- **Aim of the task**: An exact copy of the data below is needed; please leave out any pictures.

--

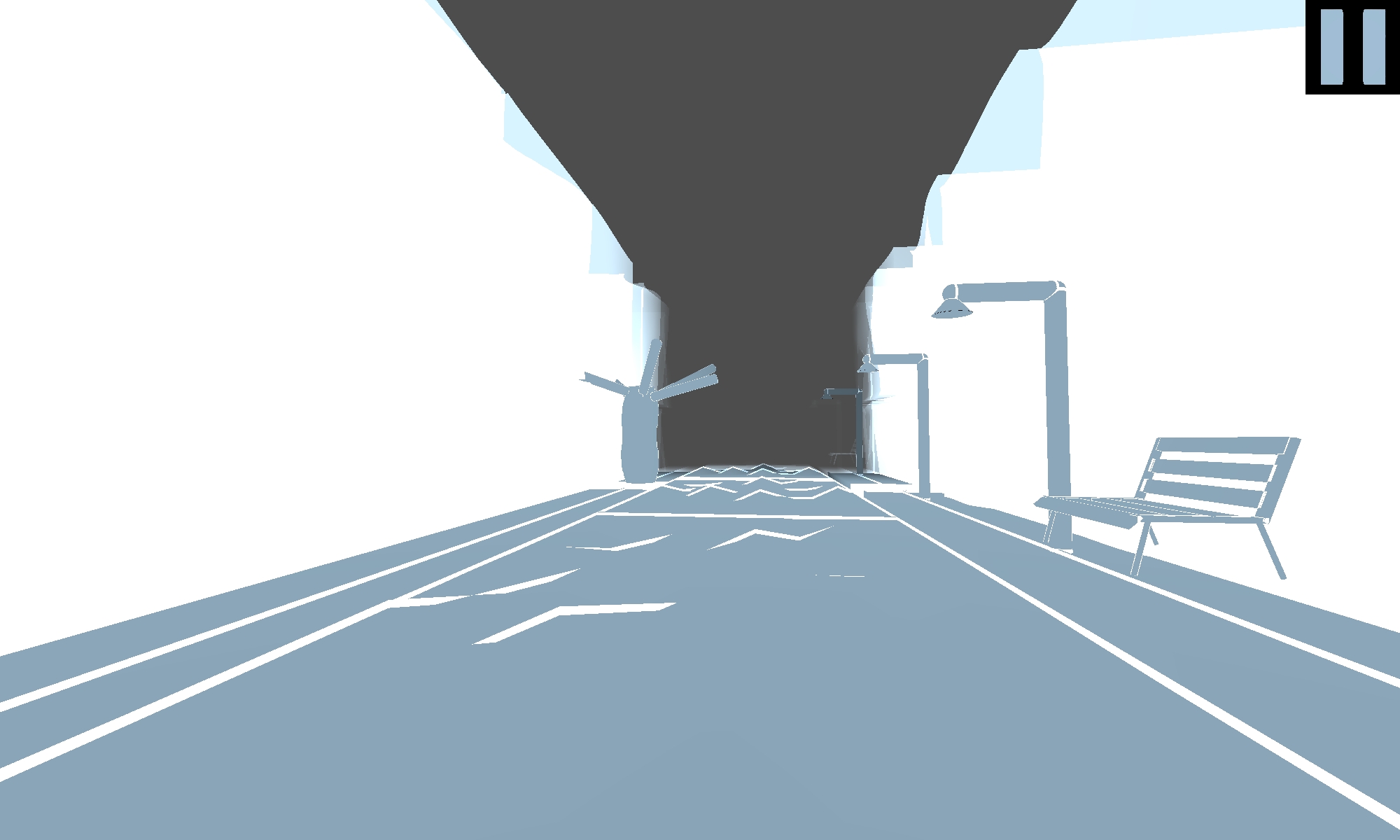 Screenshot 4 for Can You hear the silence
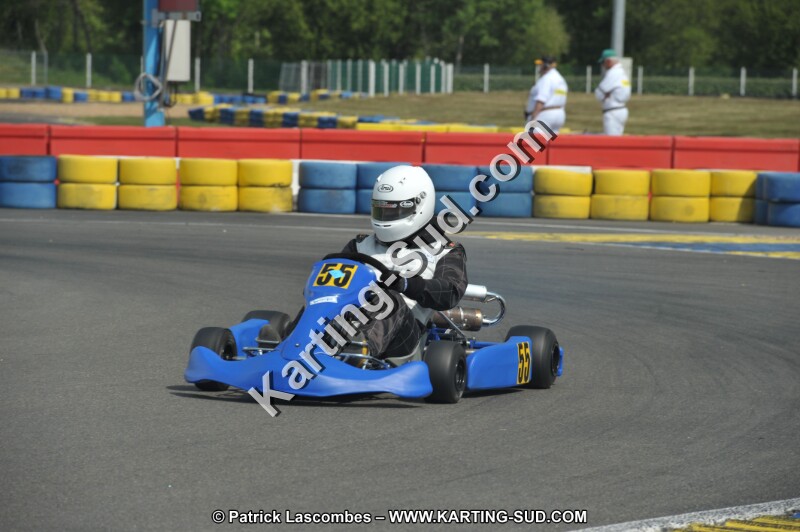 DSC_6580.JPG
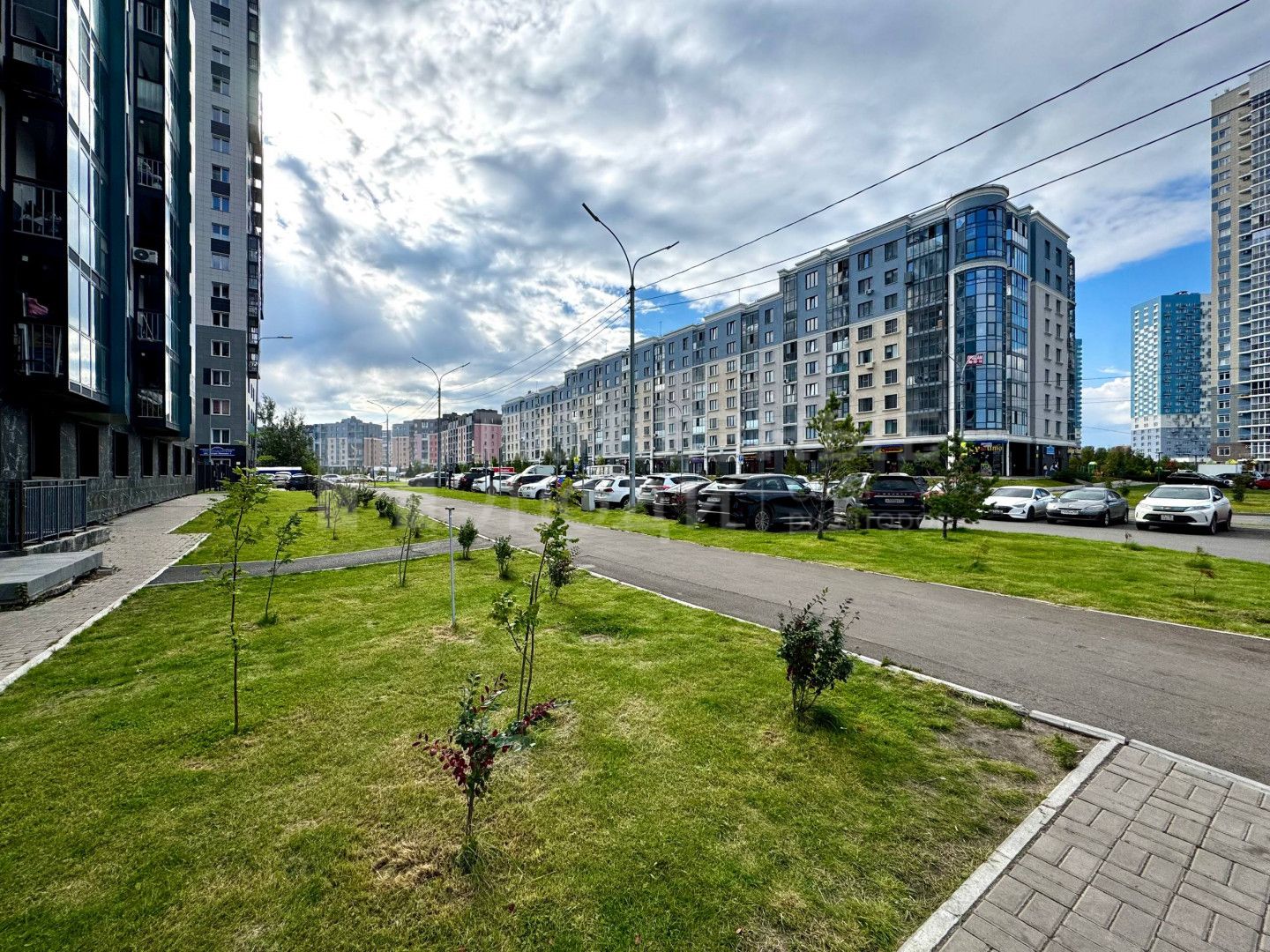 Фото недвижимости
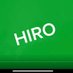 HIRO (@hiro2525happy) Twitter profile photo HIRO (@hiro2525happy) Twitter profile photo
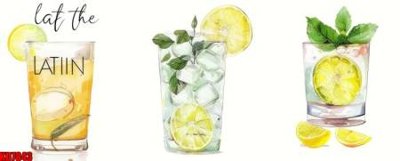 Mua file gốc File tranh in décor tranh treo tường tổng hợp KD7843 (PSD) tại Filetranh.com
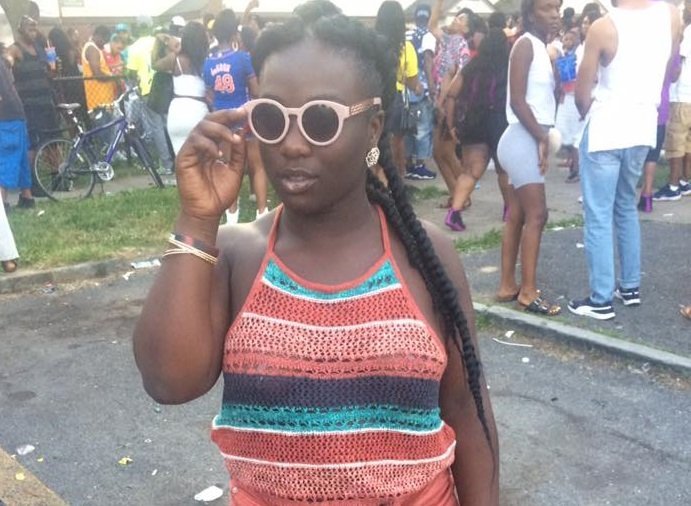 15-year-old grazed in head by bullet, suffered broken neck at Syracuse shooting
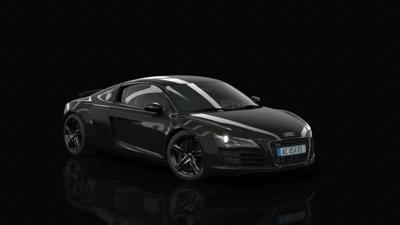 07_panther_black_crystal_t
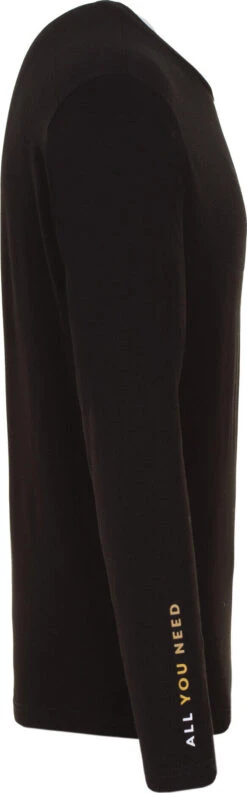 Almgwand Ludlalm -Ski Ausrüstungs Laden ludlalm 322243ah schwarz 21 e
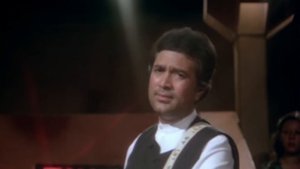 Goron Ki Na Kalon Ki | Rajesh Khanna | Mithun | Disco Dancer | Bollywood Songs
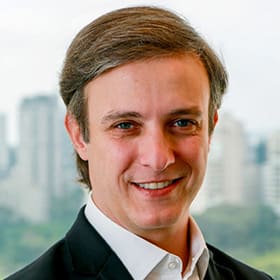 Ricardo Quass Duarte photo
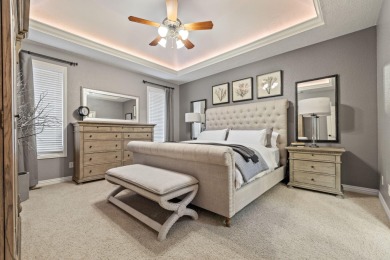 Welcome to 3094 W Cedarbluff Drive, located in the desirable on Rivercut Golf Course in Missouri - for sale on GolfHomes.com, golf home, golf lot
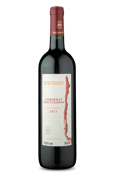 Baron Philippe de Rothschild Cabernet Sauvignon 2021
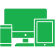 serviceicon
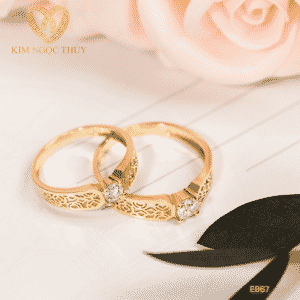 các loại đá màu trắng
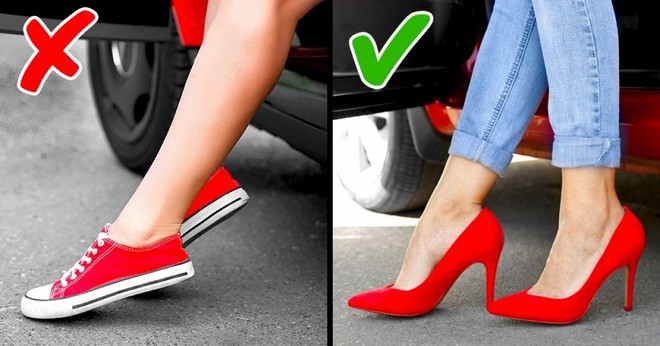 Cần thay đổi ngay 9 điều n&agrave;y trước khi bắt đầu nghĩ đến chuyện l&agrave;m gi&agrave;u - Ảnh 8.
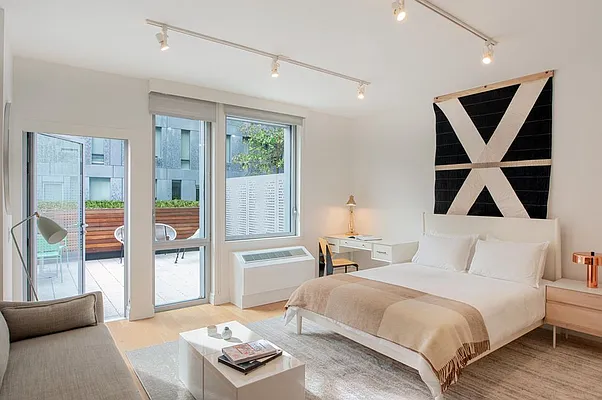 Rented by Two Trees | media 52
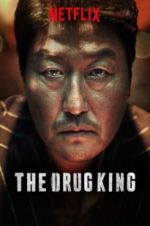 Watch The Drug King Fmovies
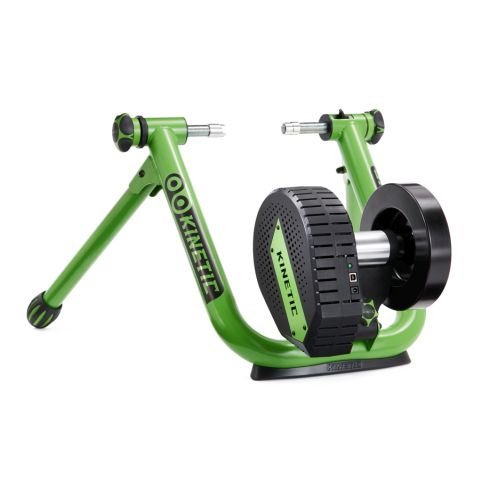 Kinetic road machine control – Image 4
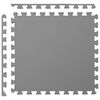 Imagem em miniatura do produto 6 de 9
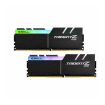 RAM 16G(8GB×2) G.SKILL Trident Z RGB DDR4 3200MHz CL16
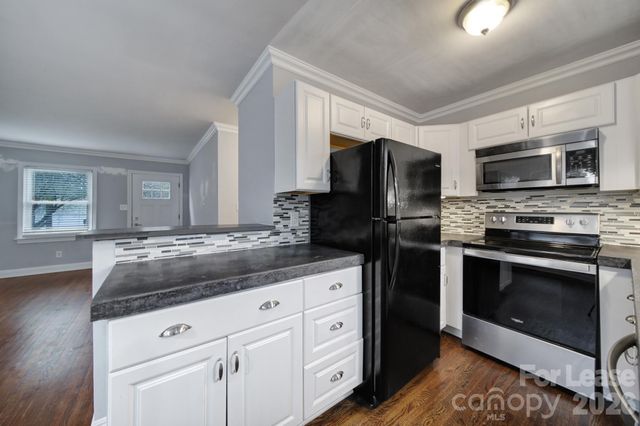 424 Main Street, Matthews, NC 28105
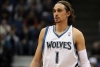 alexey shved / #341300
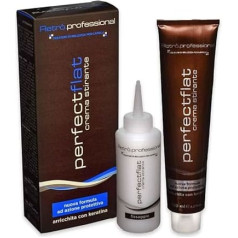 Retro Professional Smoothing Cream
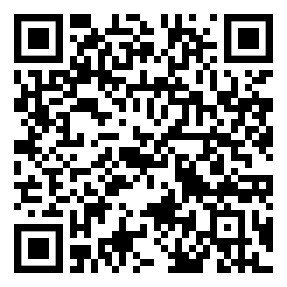Booking Engine QR Code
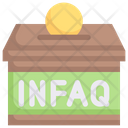 پیش‌نمایش فایل infaq-2358734 از پک ماه رمضان مبارک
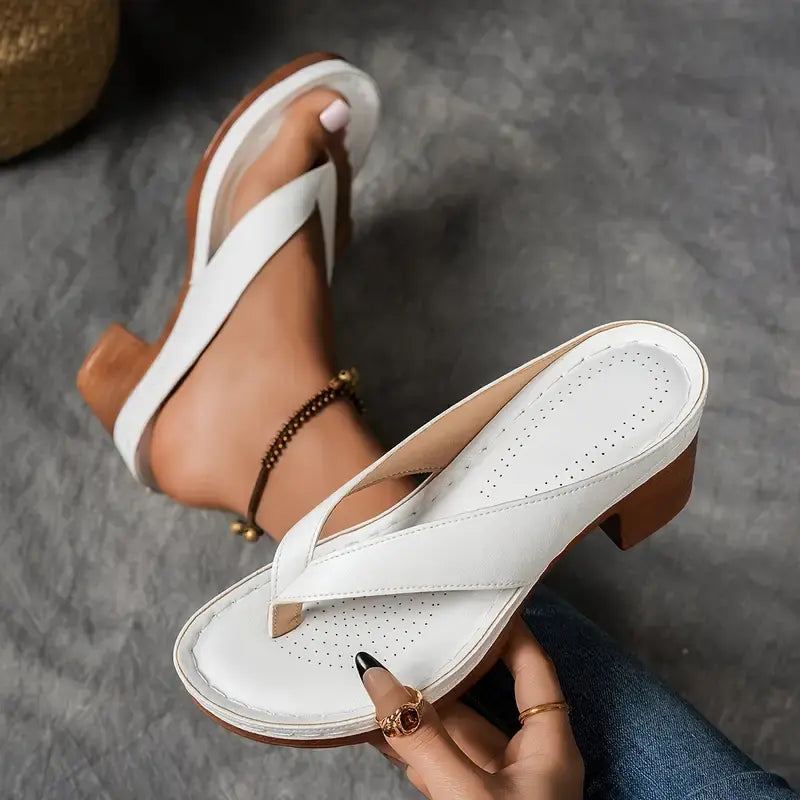 White / 11US
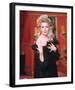 Deborah Kerr-null-Framed Photo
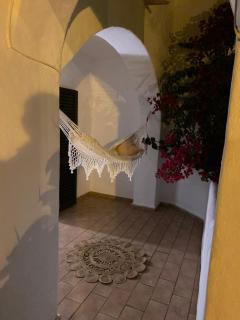 Villa 36 - THE CHARM(E) OF PORCHES - Porches - 3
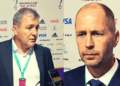 FIFA World Cup: Iran, USA will battle in Group B game
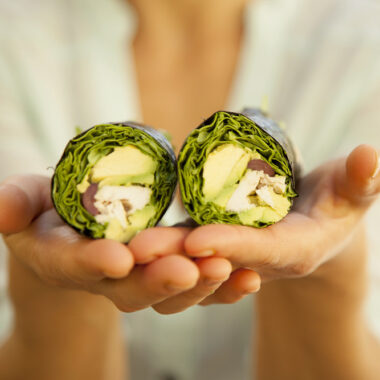 10 Benefits of Organic Food: Why It’s Worth the Choice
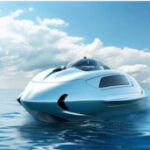 yacht-06-300×171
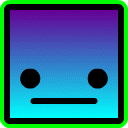 danielelproxddd emote for Discord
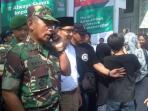 kang-emil-dan-pangdam-iii-siliwangi_20150412_182943.jpg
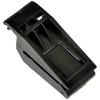 1x Фиксатор стойки капота для Honda Accord 2008-2012 91503TA0A01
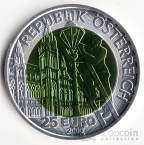  25  2008   (-)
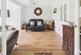 Additional image 9 of Maidavale Crescent, Styvechale, Coventry, CV3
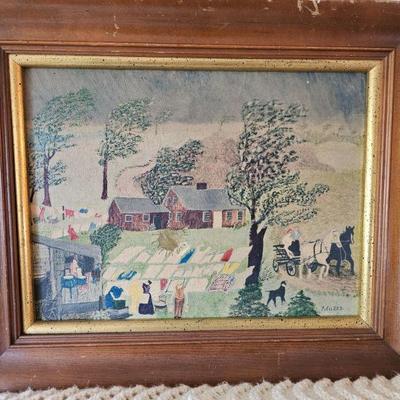 Sale Photo Thumbnail #32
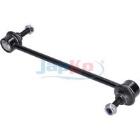 Link/Coupling Rod, stabiliser bar JAPKO 1060015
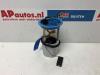 Audi A3 Sportback (8PA) 1.8 TFSI 16V Kraftstoffpumpe Elektrisch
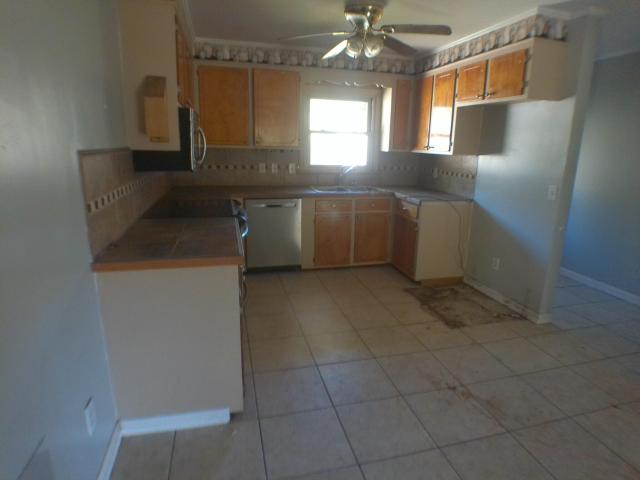 1006 Harrison Road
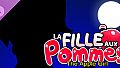 La Fille aux Pommes / The Apple Girl - Dream Story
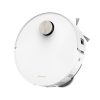 Robot hút bụi Dreame Matrix10 Ultra 0,31 L màu trắng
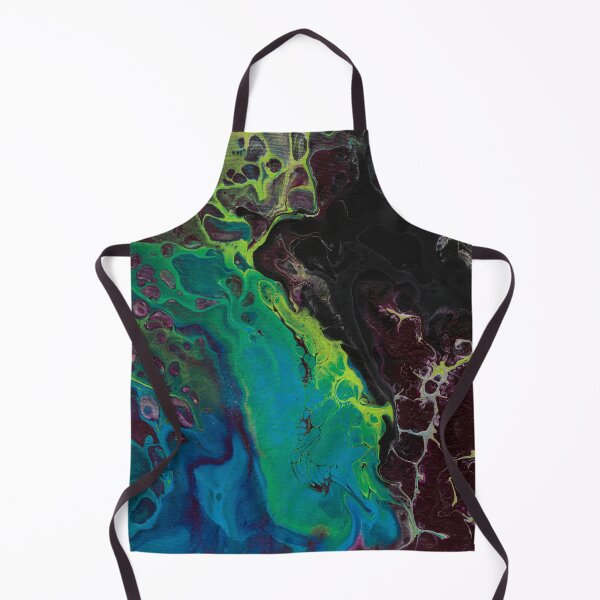Item preview, Colorsplash designed and sold by Ülle Kruusoja.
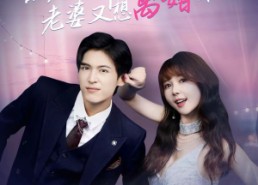 短剧《裴先生你的心尖儿老婆又想离婚啦（80集）》短剧在线高清完整观看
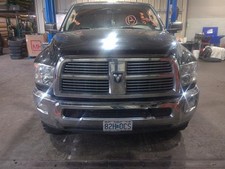 Rear view mirror for sale  Kingsville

--

- **Task result**:
 Screenshot 4 for Can You hear the silence
 DSC_6580.JPG
 Фото недвижимости
 HIRO (@hiro2525happy) Twitter profile photo HIRO (@hiro2525happy) Twitter profile photo
 Mua file gốc File tranh in décor tranh treo tường tổng hợp KD7843 (PSD) tại Filetranh.com
 15-year-old grazed in head by bullet, suffered broken neck at Syracuse shooting
 07_panther_black_crystal_t
 Almgwand Ludlalm -Ski Ausrüstungs Laden ludlalm 322243ah schwarz 21 e
 Goron Ki Na Kalon Ki | Rajesh Khanna | Mithun | Disco Dancer | Bollywood Songs
 Ricardo Quass Duarte photo
 Welcome to 3094 W Cedarbluff Drive, located in the desirable on Rivercut Golf Course in Missouri - for sale on GolfHomes.com, golf home, golf lot
 Baron Philippe de Rothschild Cabernet Sauvignon 2021
 serviceicon
 các loại đá màu trắng
 Cần thay đổi ngay 9 điều n&agrave;y trước khi bắt đầu nghĩ đến chuyện l&agrave;m gi&agrave;u - Ảnh 8.
 Rented by Two Trees | media 52
 Watch The Drug King Fmovies
 Kinetic road machine control – Image 4
 Imagem em miniatura do produto 6 de 9
 RAM 16G(8GB×2) G.SKILL Trident Z RGB DDR4 3200MHz CL16
 424 Main Street, Matthews, NC 28105
 alexey shved / #341300
 Retro Professional Smoothing Cream
Booking Engine QR Code
 پیش‌نمایش فایل infaq-2358734 از پک ماه رمضان مبارک
 White / 11US
 Deborah Kerr-null-Framed Photo
 Villa 36 - THE CHARM(E) OF PORCHES - Porches - 3
 FIFA World Cup: Iran, USA will battle in Group B game
 10 Benefits of Organic Food: Why It’s Worth the Choice
 yacht-06-300×171
 danielelproxddd emote for Discord
 kang-emil-dan-pangdam-iii-siliwangi_20150412_182943.jpg
 1x Фиксатор стойки капота для Honda Accord 2008-2012 91503TA0A01
  25  2008   (-)
 Additional image 9 of Maidavale Crescent, Styvechale, Coventry, CV3
 Sale Photo Thumbnail #32
 Link/Coupling Rod, stabiliser bar JAPKO 1060015
 Audi A3 Sportback (8PA) 1.8 TFSI 16V Kraftstoffpumpe Elektrisch
 1006 Harrison Road
 La Fille aux Pommes / The Apple Girl - Dream Story
 Robot hút bụi Dreame Matrix10 Ultra 0,31 L màu trắng
Item preview, Colorsplash designed and sold by Ülle Kruusoja.
 短剧《裴先生你的心尖儿老婆又想离婚啦（80集）》短剧在线高清完整观看
 Rear view mirror for sale  Kingsville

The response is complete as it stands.